Below are some records. Write out exactly their lines from the one with "How Do Olives Grow?" through the one with "貓貓蟲咖波 / WalkerLand窩客島提供 未經許可，不得轉載", and leave the pictures behind.

● TASK DATA:
Start of Block

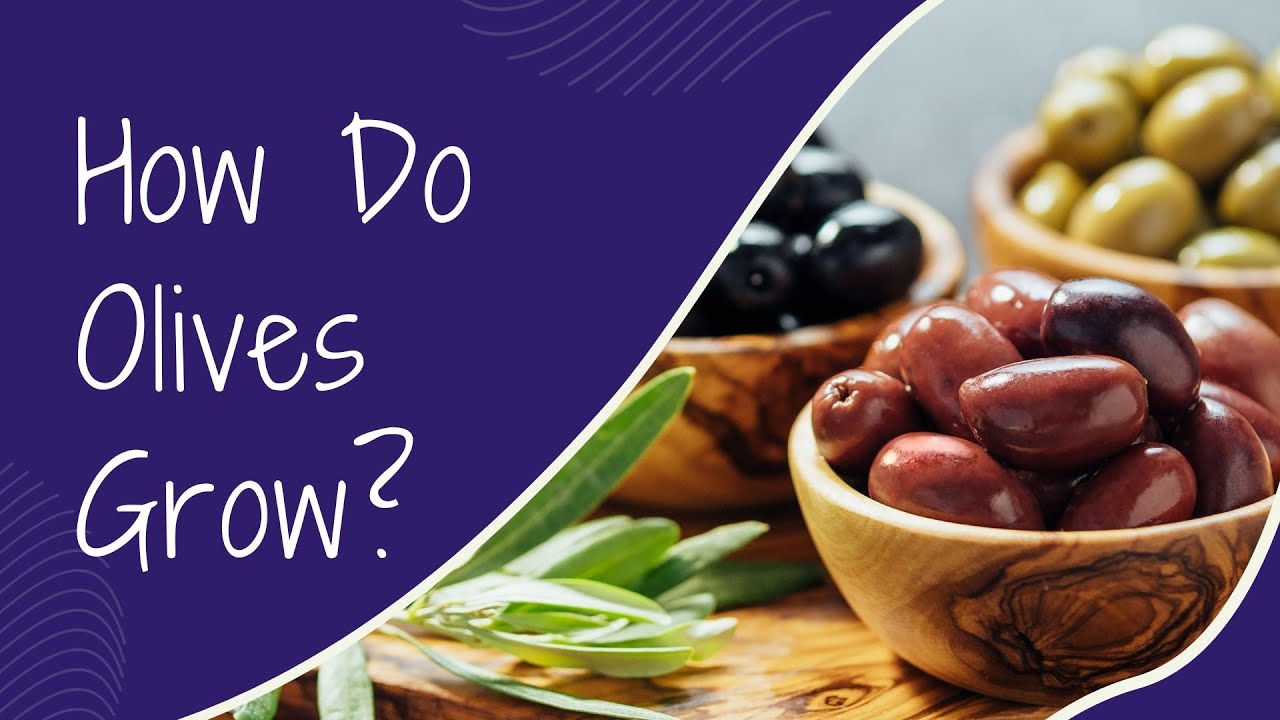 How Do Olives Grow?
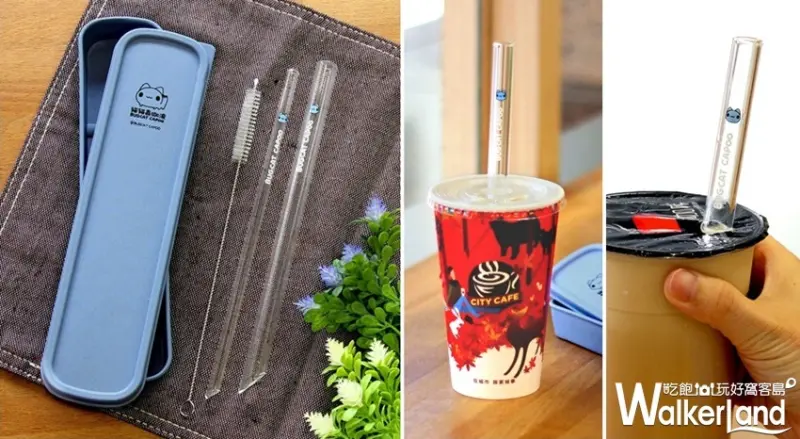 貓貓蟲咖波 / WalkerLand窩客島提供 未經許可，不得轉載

End of Block
Start of Block

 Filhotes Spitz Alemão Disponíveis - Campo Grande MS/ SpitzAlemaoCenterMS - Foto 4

End of Block

● TASK SOLUTION:
 How Do Olives Grow?
 貓貓蟲咖波 / WalkerLand窩客島提供 未經許可，不得轉載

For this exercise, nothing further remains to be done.